In Windows Communication Foundation (WCF), if you want to be able to pass an object with code around a distributed application then you have to compile the receiving end with the interface definition of the remote object.
You wouldn’t ever put a
DataContract on a code method because that means all clients that have to use it have to be recompiled if the code in that method is changed. This creates lots of coupling between the server and client side which is not desirable. An even less desirable effect occurs when OO principles are used in distributed computing. Let’s talk about the problems of passing and object by reference first, before we talk about how passing by value can improve the performance of the application.
Passing by Reference
WCF does not support passing by reference because it is an OO principle that, when stretched over a network, does not give efficient solutions. If you pass a pointer to an object residing on the server, then the client would receive a reference to the object that allows it query each class field as it is required. This adds more network overhead with issues like TCP header size (minimum of 20 bytes, read this and time required for ACKs to propagate slowing down the process considerably, especially when lots of member fields must be retrieved. When multiple small member fields are retrieved this way, the size of the actual data is insignificant compared to the packet overhead (format info, destination machine, sequence numbers, TTL and so on). The other disadvantage of passing by reference is the increased coupling between server code and client code. The initial decision to use good OO principles was done because these principles are proven to work, however, solving a problem in a distributed fashion (i.e. involving a network connection) changes the nature of the problem.
Do what works, not what is theoretically appealing.
Passing by Value
So now that we’ve crapped all over passing by reference… is passing by value any better?

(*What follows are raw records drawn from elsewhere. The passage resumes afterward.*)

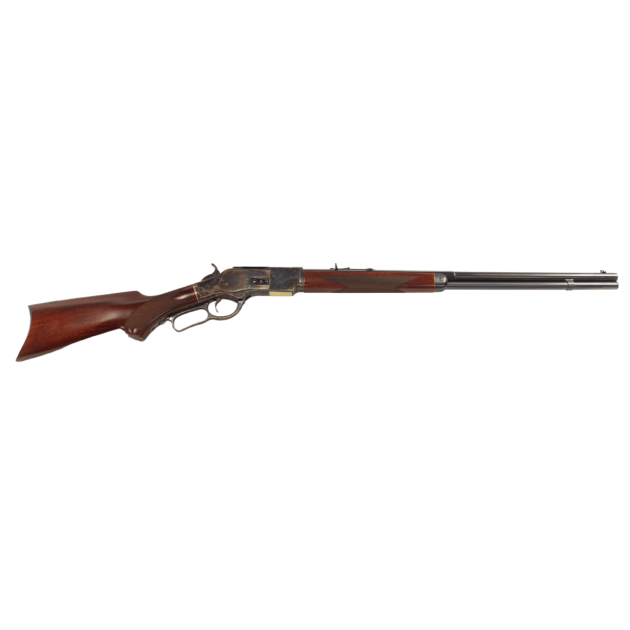 TAYLOR'S & COMPANY 1873 RIFLE 357MAG CCH/WD 24"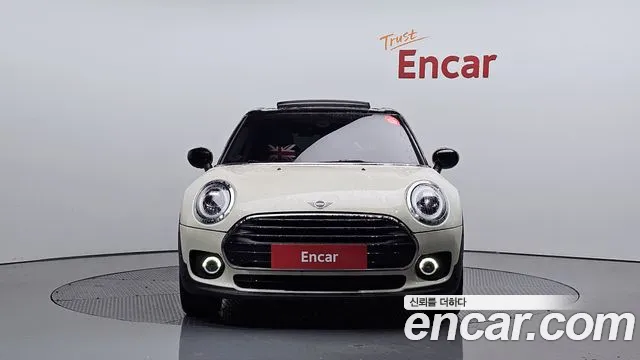 Mini Cooper Clubman id 2398601 из Кореи 13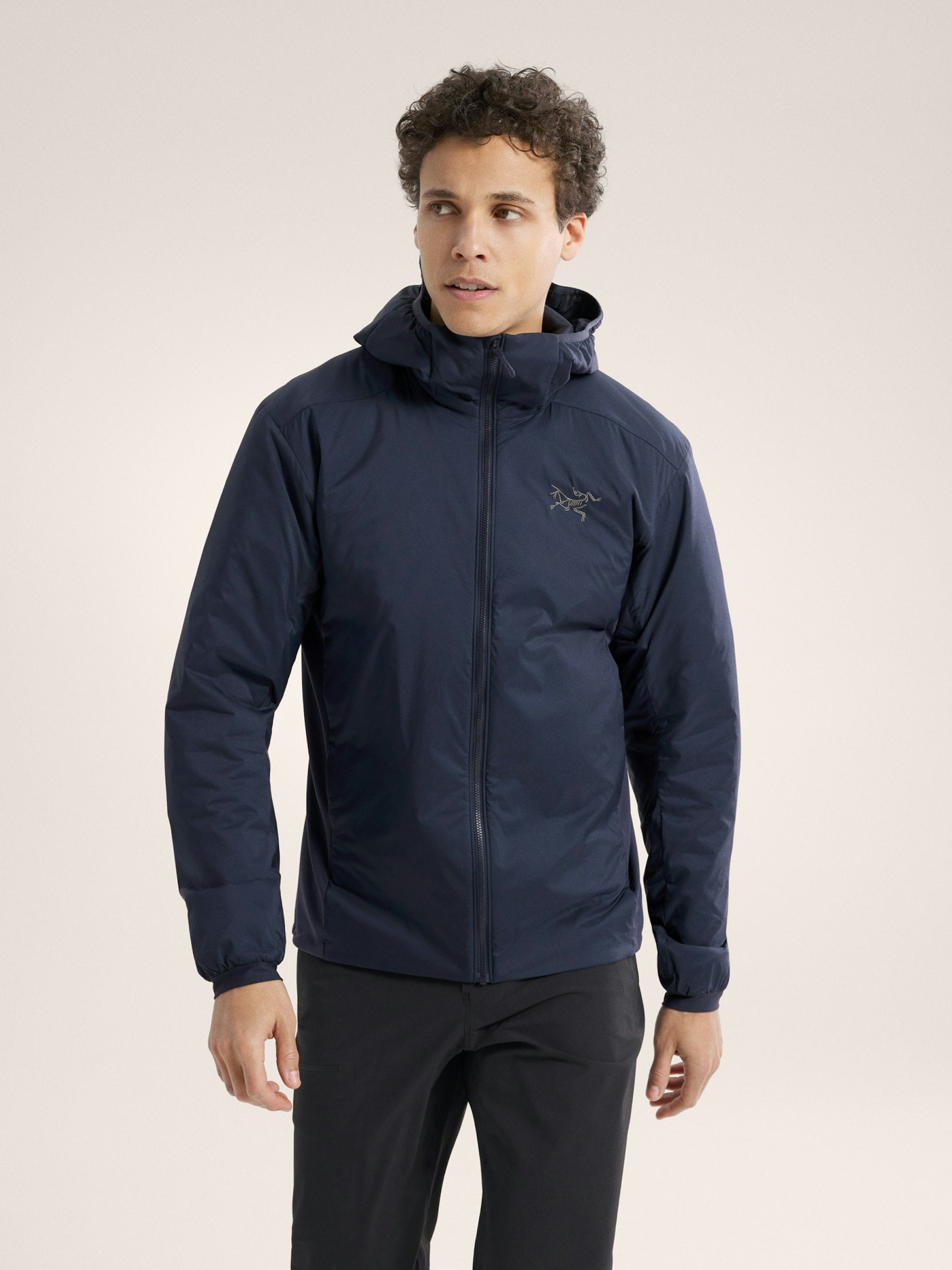 Arc'teryx Atom Hoody Men's – Arc'teryx | Ascent Outdoors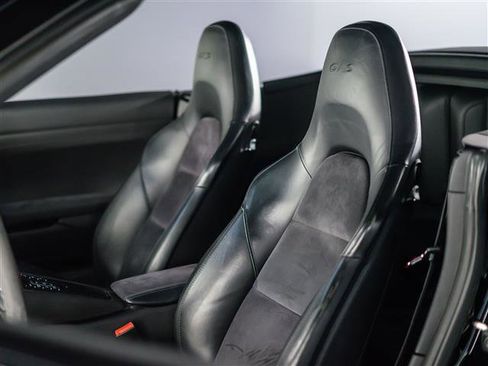 Used 2015 Porsche 911 Carrera GTS RWD image 5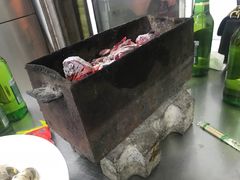 -老杜烧烤(解放路店)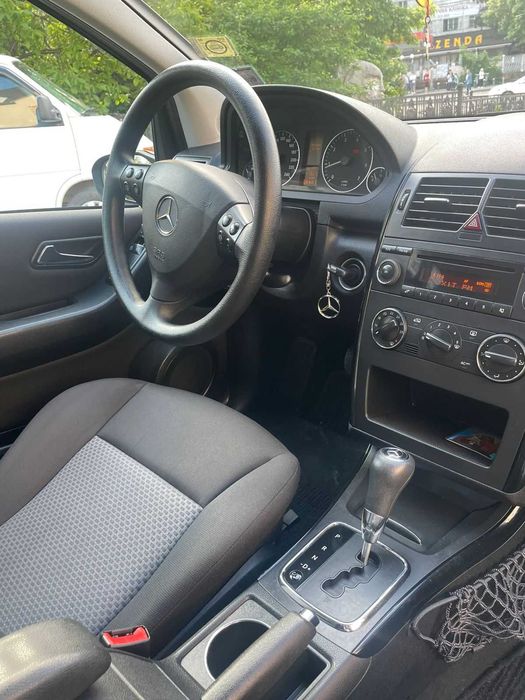 Продам Мерседес-Бенц А-150, Mercedes-Benz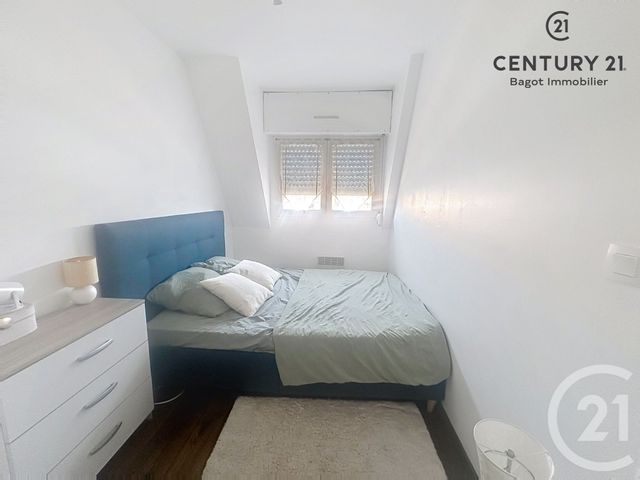 Appartement F2 &agrave; louer - 2 pi&egrave;ces - 25 m2 - Villers Sur Mer - 14 - BASSE-NORMANDIE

Passing objects directly across a network in a distributed application causes a whole bunch of other problems. The first one involves the fact that objects are data and code. How can we pass both to the remote end? Is it even a good idea to pass code between server and client? It’s definitely not good for interoperability and coupling goes through the roof! We are breaking the rules of good object-oriented design. That is why it took so long for RPC to evolve.
Solution? Compile both sides with class Definition
The remote end cannot infer getters and setter from serialised object data. The only way to make the remote end aware of this is to compile both sides, not only the object interface, but also the source code of the class implementation. This is obviously terrible from a design point of view as we are creating strong coupling between the remote and the server. Change any code and everything needs compiling. In addition to that, this approach is not very language independent either. Solution. WCF’s Best Effort Deserialization.
WCF will try to shove the deserialised data into the class the remote end is assigning it to. This class must have the same fields as the incoming data. There is an interoperability issue when .NET’s built in types are serialised.